Etienne Barilier n’est pas un auteur populaire, il n’écrit pas de romans noirs, ne se soucie guère d’être à la mode et de se répandre sur les réseaux sociaux. La porte-parole du jury Sylvie Blondel va jusqu’à le qualifier de résistant à la complaisance futile de certains médias. À ce titre, ajoute-t-elle, son œuvre est bonne pour la tête. Il est en effet bon de lire des œuvres qui demandent un certain effort intellectuel, non dénué de plaisir. Son œuvre est teintée d’ironie. La passion et le désir y figurent en bonne place, ainsi qu’une réflexion politique et philosophique dont nous avons grand besoin pour élargir notre horizon.

Un auteur doit-il seulement divertir ? interroge Sylvie Blondel.
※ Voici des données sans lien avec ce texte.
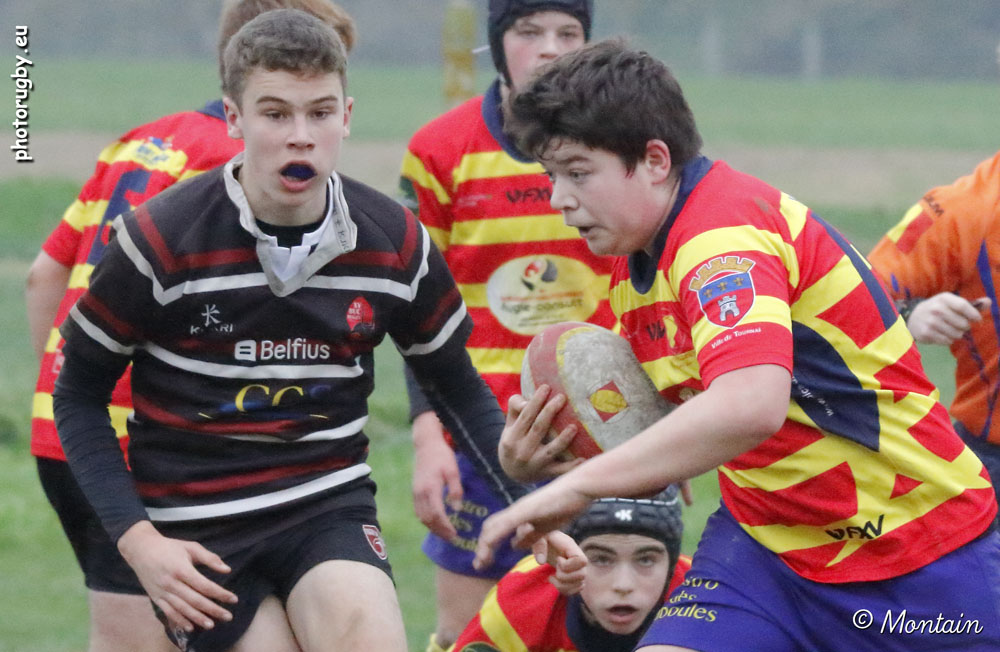 161126U16_092_7D112734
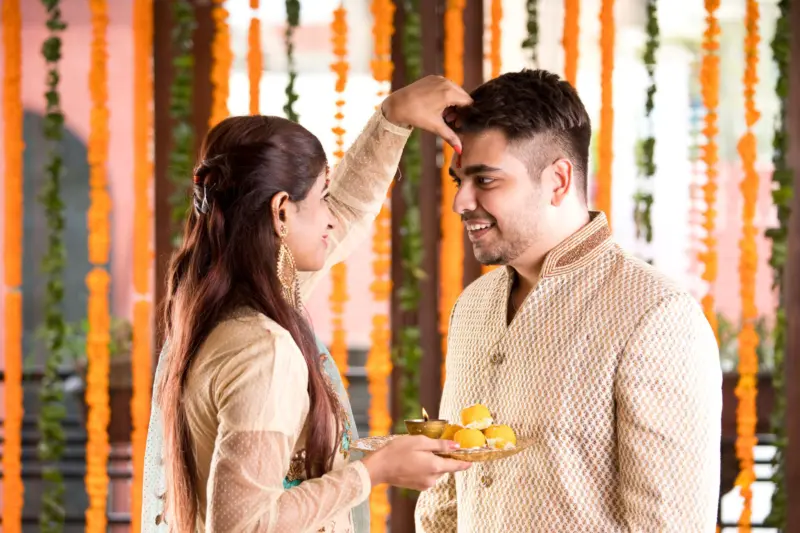 Bhai Dooj 2026: Exact Date, Shubh Muhurat, Rituals & Heartwarming Traditions Explained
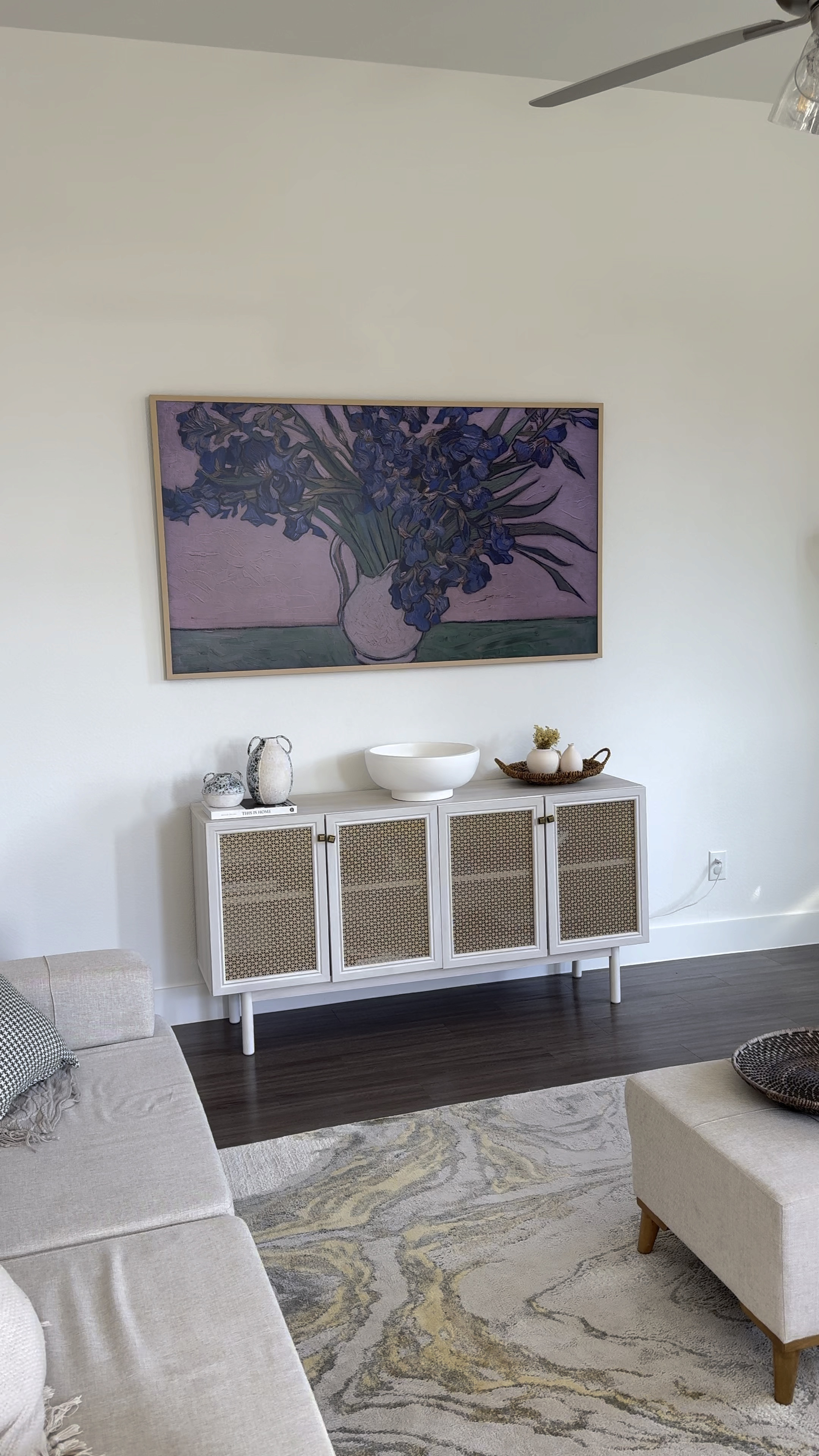 Spring decor.


#LTKfindsunder100 #LTKVideo #LTKhome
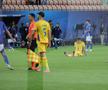Jucătorii României U21, consolați de mame și iubite după înfrângerea cu Italia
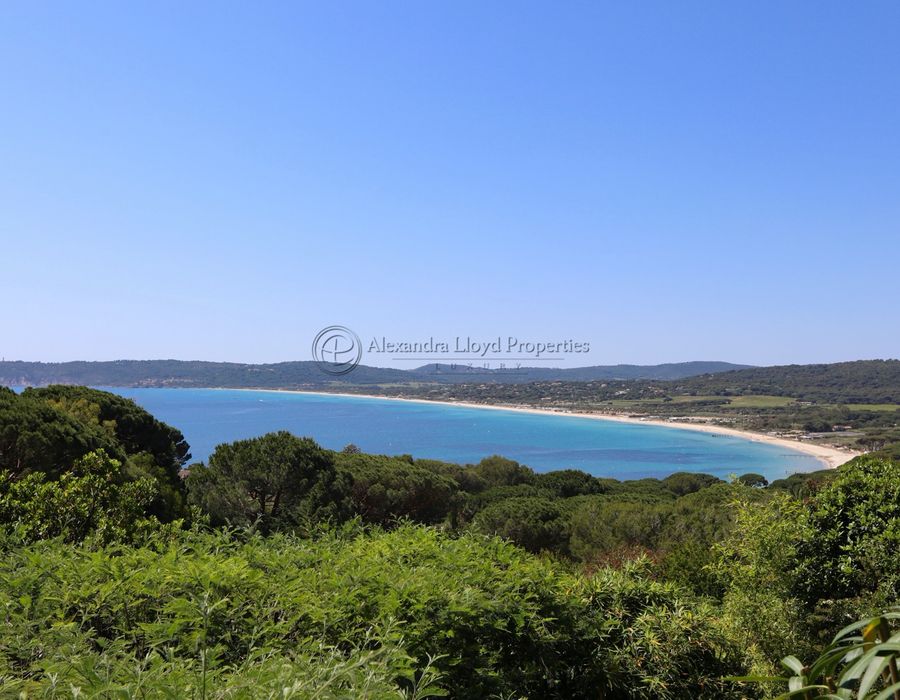 A six bedroom villa for rent, located in Cap Tahiti, with exceptional views 2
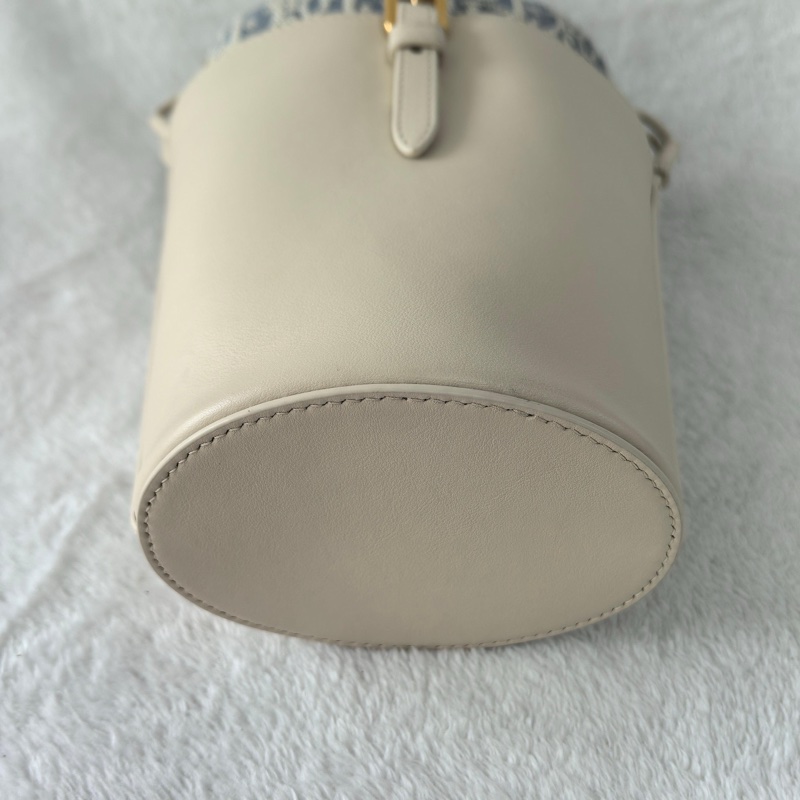 99新 Dior 迪奧 30 Montaigne mini抽繩 手提水桶包斜背包 老花拼白色 金色五金❤️正品-5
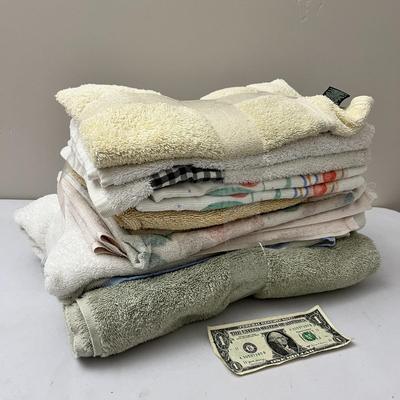 BUNDLE OF TOWELS RAGS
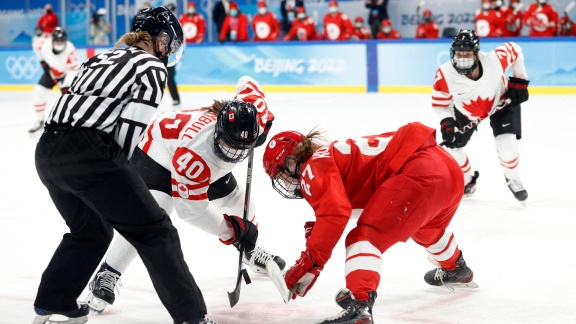 Sportschau - Eishockey: Kanada Gegen Russland (f) - Das Spiel In Voller Länge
Tout nous pousse dans ce sens. Etienne Barilier ne suit pas le main stream. Merci à lui. 

Etienne Barilier est-il trop brillant?

Le récipiendaire avait déjà répondu lui-même à cette question dans son livre Martina Hingis ou la beauté du jeu paru chez Zoé en 1997: «Dans notre pays, on a tendance à vouloir étouffer le talent au nom de l’égalité. On a une fascination malsaine pour la moyenne. Martina Hingis ne croit pas nécessaire de se faire pardonner son génie. (…) Elle se moque brillamment de la médiocrité confite en fausse modestie qui prétend régner. Elle décide que la laideur ne sera pas au pouvoir.»

Parmi les plus de 50 romans, nouvelles, contes et essais de cet auteur, le jury du prix des écrivains vaudois composé de Sylvie Blondel, José Seydoux et Ferenc Rakoczy retient tout particulièrement 3 romans: Un Véronèse (2010), Ruiz doit mourir (2014) et Dans Khartoum assiégé (2018). Dans ce dernier ouvrage, Etienne Barilier parvient à nous faire lire un ensemble d’évènements historiques comme un roman passionnant, un exercice révélateur de son talent et de son érudition bien sûr, la patte d’un grand écrivain, relève José Seydoux.
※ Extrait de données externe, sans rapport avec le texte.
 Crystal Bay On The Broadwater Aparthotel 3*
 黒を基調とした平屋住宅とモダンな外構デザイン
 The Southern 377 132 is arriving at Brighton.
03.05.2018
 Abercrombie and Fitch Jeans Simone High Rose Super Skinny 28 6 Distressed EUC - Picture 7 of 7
Etienne Barilier pêcherait-il par excès de bien-pensance?

Non, rétorque Sylvie Blondel. Il est capable de se mettre dans la peau de personnages cruels, tordus et vaniteux. Il ne termine jamais par le triomphe du bien, comme dans les séries télévisées. Il pose des questions et n’apporte pas de réponses toutes faites.
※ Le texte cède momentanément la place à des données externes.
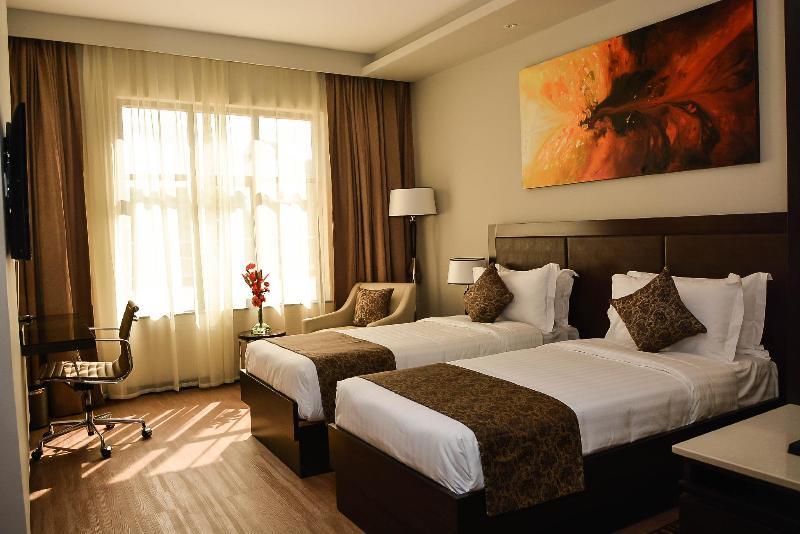 Doubletree By Hilton Nairobi Hotel Ngoại thất bức ảnh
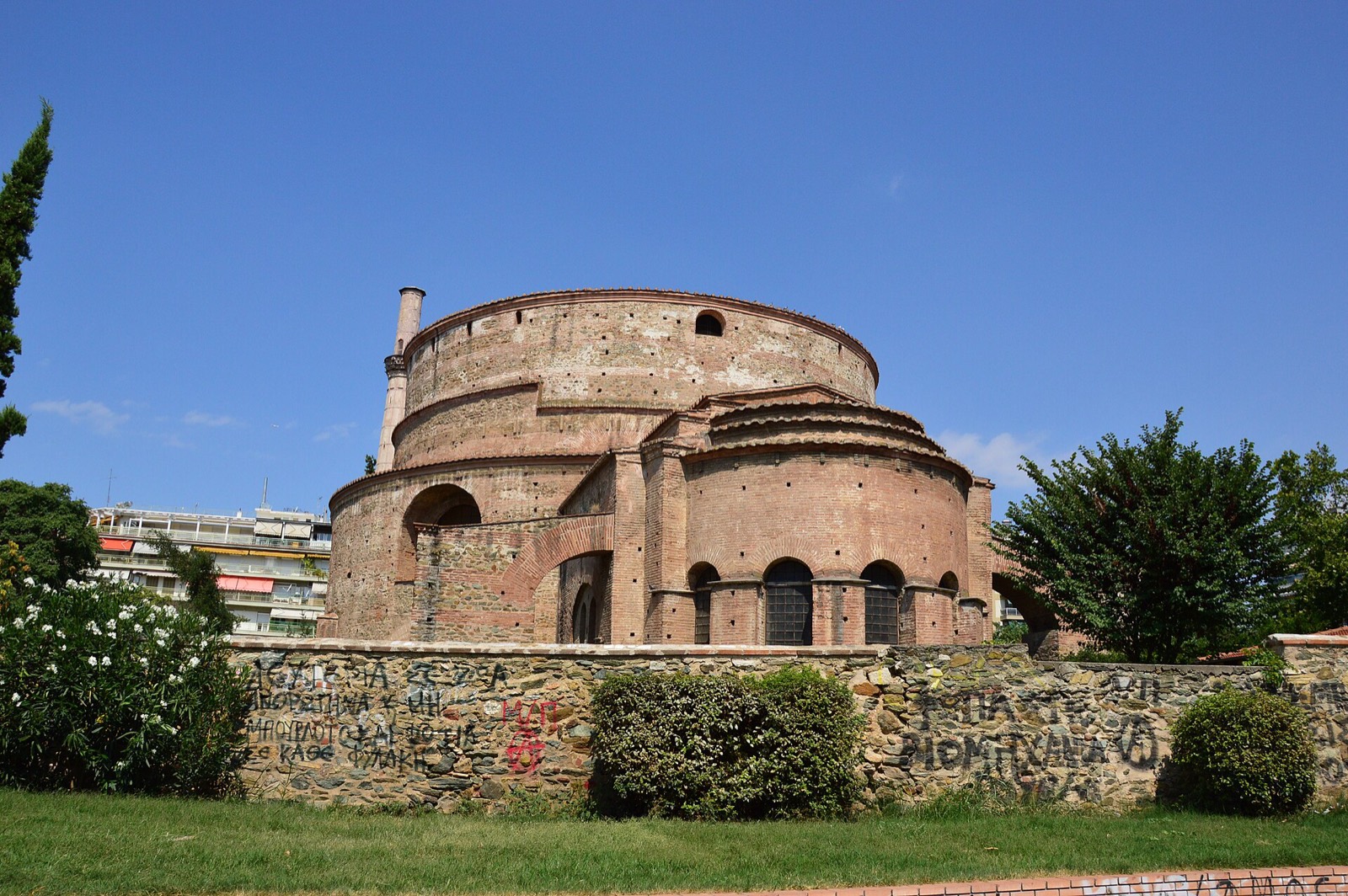 Die Rotunde des Galerius, ein massives römisches Rundbauwerk aus Ziegeln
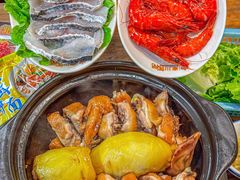 -东川炭炉鸡煲·榴莲瓦煲鸡(广州首店)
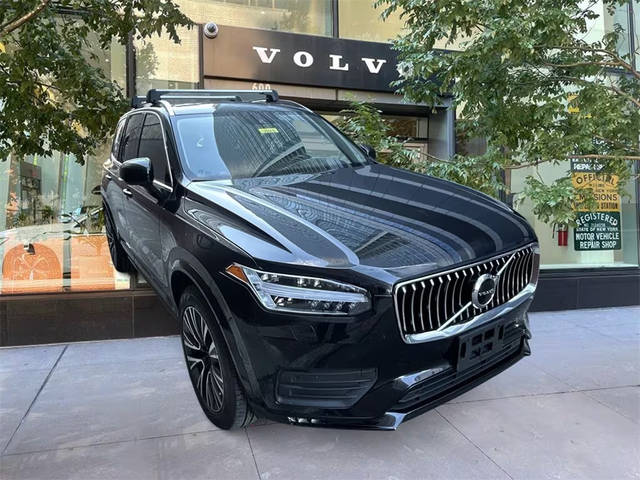 2022 Volvo XC90 Momentum AWD photo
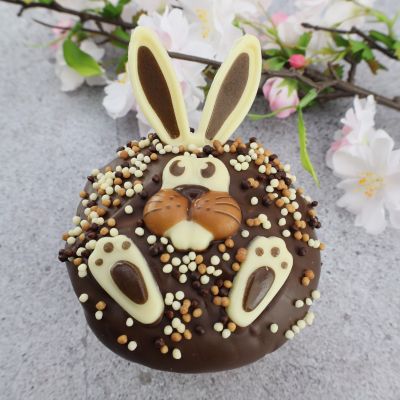 Süßer Muffin mit Schokoladendekor und Streuseln
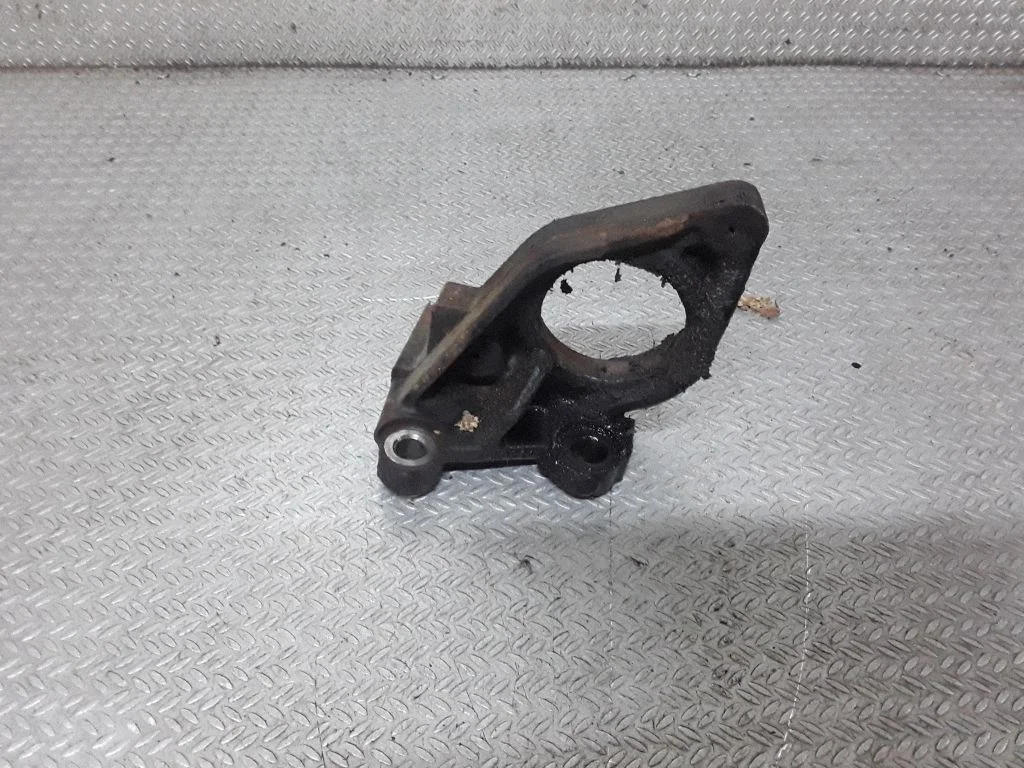 Driveshaft support bearing bracket – Opel Vivaro (2001-2014)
Il suffit d’ailleurs d’un court extrait de son savoureux pamphlet, Soyons médiocres!, paru à L’Age d’homme en 1980 pour rappeler à quel point cet auteur est capable d’ironie et de mordant:

«Notre pays n’aime pas la vie: vieillissement progressif de la population, intolérance croissante au bruit, réglementation de plus en plus étouffante de la socialité, xénophobie, goût de thésauriser, manie des abris souterrains, prédilections pour les crimes indirects. (…) En Suisse allemande, ces phénomènes sont assumés. La Suisse romande se contente de mourir à petit feu, à tout petit feu. Et forte comme elle est sur le chapitre de la modestie, elle s’arrange pour qu’on ne s’aperçoive même pas de son suicide. Elle n’en continue pas moins de mourir, mais avec la rancœur affreuse du gosse qui boude depuis un quart d’heure et qui s’avise que personne, dans la famille, ne s’en est aperçu.»

Alors au fond, Etienne Barilier serait-il trop modeste?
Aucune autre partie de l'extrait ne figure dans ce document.